- _TASK STATEMENT_
In the records below, find the line containing "Дубай: Elite LUX" and the line containing "Soft-close waste bin with 3 compartments"; please repeat exactly the lines from one to the other, both included, and nothing more.

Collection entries
--

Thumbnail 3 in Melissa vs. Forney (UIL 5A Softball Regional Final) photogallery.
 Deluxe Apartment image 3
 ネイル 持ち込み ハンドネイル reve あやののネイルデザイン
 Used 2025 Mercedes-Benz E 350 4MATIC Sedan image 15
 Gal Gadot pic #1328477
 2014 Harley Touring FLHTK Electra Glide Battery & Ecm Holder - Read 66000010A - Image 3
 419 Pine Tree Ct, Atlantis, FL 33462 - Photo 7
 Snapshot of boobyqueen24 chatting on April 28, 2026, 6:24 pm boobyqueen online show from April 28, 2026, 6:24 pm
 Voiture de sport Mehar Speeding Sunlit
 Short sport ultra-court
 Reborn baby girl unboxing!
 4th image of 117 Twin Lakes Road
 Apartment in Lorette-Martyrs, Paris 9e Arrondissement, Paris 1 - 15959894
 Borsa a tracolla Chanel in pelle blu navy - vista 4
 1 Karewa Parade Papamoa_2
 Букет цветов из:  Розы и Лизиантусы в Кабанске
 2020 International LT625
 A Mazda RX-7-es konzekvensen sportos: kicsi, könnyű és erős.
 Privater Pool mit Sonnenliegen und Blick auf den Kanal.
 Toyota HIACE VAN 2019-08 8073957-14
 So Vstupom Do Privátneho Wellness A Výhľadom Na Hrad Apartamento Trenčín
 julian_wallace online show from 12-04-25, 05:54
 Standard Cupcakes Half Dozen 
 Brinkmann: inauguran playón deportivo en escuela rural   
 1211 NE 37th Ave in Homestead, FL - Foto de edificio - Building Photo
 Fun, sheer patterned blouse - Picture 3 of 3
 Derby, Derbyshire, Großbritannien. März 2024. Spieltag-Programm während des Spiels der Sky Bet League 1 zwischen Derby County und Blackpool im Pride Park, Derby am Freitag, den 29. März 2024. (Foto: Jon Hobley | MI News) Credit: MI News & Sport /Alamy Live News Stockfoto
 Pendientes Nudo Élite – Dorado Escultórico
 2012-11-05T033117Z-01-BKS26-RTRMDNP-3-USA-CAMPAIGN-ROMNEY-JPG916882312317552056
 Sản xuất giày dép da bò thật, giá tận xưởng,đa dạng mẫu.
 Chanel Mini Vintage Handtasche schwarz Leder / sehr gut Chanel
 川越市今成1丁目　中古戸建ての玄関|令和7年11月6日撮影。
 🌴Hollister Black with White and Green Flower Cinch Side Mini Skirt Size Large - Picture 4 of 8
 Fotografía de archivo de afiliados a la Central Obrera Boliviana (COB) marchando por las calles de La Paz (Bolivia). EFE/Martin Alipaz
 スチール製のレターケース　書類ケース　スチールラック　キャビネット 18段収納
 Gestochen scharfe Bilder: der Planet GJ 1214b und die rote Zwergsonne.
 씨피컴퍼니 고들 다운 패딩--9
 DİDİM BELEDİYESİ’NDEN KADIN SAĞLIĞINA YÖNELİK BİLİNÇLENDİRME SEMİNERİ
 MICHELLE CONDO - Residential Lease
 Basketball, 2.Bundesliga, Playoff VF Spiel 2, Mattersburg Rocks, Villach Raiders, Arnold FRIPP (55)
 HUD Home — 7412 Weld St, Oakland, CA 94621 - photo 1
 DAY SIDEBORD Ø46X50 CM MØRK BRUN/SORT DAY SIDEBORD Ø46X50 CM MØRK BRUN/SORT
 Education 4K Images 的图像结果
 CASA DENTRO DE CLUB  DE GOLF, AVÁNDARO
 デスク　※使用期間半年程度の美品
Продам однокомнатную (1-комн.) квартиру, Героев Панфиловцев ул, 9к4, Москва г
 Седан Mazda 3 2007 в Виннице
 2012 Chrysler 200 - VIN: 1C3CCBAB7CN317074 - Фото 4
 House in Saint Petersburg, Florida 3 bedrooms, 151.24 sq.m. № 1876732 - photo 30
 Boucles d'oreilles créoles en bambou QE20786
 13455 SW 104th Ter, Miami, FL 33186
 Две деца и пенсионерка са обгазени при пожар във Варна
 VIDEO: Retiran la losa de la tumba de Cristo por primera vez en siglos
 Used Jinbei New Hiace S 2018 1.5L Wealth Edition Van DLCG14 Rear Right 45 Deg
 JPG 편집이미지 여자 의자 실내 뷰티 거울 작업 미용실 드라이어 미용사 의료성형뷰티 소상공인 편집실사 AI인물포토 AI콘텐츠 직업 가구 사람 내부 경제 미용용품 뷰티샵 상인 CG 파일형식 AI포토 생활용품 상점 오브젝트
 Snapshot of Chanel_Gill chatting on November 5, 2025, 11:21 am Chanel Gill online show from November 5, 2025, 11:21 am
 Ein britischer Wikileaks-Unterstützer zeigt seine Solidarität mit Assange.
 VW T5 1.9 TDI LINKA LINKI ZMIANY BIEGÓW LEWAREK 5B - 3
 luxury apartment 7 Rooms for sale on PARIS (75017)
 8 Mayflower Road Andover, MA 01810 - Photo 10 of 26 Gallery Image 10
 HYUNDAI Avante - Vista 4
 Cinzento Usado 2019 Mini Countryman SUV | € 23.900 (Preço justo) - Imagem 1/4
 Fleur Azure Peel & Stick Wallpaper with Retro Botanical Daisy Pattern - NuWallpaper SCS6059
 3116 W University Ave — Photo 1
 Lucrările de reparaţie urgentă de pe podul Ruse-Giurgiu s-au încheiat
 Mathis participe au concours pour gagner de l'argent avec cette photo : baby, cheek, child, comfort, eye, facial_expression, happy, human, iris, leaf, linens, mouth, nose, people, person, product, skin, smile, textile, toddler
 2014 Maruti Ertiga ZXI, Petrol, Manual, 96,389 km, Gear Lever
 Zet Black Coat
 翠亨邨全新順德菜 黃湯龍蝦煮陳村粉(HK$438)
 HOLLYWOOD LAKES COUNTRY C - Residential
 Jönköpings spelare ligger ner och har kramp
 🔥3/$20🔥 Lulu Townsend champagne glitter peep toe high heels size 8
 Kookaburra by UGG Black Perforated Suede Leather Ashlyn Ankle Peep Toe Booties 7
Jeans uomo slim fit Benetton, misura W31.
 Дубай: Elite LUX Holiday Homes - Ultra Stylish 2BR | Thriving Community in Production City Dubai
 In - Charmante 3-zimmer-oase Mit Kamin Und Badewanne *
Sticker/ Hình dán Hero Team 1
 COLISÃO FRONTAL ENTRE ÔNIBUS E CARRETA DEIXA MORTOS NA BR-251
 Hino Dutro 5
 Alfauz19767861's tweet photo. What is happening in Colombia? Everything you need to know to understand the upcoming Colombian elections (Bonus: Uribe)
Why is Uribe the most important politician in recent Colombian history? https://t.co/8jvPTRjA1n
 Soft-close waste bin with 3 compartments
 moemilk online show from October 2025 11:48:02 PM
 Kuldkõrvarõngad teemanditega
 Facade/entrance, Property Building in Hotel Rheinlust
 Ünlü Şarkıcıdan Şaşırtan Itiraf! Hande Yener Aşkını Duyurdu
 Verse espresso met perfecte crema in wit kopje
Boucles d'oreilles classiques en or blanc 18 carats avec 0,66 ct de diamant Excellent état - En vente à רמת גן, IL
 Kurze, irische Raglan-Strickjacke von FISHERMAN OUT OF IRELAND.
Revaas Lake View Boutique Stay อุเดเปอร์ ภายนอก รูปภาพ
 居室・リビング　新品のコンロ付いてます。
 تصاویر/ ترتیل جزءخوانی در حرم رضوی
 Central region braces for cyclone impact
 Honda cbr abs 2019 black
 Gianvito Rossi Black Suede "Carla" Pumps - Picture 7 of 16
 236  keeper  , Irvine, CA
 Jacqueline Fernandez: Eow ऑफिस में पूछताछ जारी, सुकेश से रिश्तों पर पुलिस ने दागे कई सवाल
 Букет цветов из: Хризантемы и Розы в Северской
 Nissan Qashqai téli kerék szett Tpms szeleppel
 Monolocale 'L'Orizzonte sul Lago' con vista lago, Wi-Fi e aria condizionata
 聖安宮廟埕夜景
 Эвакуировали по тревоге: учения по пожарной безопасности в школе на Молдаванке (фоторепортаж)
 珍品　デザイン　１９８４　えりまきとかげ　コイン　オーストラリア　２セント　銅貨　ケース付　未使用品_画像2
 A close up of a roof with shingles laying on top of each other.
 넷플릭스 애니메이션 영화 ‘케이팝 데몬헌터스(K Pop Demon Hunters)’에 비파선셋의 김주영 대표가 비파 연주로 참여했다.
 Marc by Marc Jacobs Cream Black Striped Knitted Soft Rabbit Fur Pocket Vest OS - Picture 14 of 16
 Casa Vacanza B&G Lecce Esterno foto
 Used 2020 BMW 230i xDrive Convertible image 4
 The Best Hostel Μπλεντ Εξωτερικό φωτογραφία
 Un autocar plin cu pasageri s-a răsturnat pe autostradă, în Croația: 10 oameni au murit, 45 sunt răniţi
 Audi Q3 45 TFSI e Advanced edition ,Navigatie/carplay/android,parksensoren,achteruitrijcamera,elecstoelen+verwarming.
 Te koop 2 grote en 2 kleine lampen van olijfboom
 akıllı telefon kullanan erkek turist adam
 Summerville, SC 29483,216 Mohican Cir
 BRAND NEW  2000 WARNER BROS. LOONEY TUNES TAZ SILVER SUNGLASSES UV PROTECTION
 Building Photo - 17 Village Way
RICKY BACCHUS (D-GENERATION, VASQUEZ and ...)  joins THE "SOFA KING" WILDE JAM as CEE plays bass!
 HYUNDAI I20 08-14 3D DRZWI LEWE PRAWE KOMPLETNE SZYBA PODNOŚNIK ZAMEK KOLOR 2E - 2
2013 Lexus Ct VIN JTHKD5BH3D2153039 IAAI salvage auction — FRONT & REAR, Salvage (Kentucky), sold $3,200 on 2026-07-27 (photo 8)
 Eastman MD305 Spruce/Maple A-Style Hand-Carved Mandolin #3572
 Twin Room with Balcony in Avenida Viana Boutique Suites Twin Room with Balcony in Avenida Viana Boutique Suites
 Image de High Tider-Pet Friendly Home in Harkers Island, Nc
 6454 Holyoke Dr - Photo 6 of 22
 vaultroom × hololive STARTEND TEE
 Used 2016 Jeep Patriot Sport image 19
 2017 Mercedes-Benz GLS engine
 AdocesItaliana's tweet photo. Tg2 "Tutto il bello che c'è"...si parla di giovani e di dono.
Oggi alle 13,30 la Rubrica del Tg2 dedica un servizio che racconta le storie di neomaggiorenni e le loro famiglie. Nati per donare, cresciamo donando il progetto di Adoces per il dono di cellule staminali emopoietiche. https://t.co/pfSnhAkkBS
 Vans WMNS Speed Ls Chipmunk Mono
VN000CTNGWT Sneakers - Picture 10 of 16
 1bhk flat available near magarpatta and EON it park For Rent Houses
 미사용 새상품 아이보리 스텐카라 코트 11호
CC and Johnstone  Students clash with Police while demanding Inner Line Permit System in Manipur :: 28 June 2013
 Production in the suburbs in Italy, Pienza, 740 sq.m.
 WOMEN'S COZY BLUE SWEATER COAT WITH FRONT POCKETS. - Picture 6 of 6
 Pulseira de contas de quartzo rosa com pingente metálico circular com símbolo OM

--

- _WRITTEN RESPONSE_
 Дубай: Elite LUX Holiday Homes - Ultra Stylish 2BR | Thriving Community in Production City Dubai
 In - Charmante 3-zimmer-oase Mit Kamin Und Badewanne *
Sticker/ Hình dán Hero Team 1
 COLISÃO FRONTAL ENTRE ÔNIBUS E CARRETA DEIXA MORTOS NA BR-251
 Hino Dutro 5
 Alfauz19767861's tweet photo. What is happening in Colombia? Everything you need to know to understand the upcoming Colombian elections (Bonus: Uribe)
Why is Uribe the most important politician in recent Colombian history? https://t.co/8jvPTRjA1n
 Soft-close waste bin with 3 compartments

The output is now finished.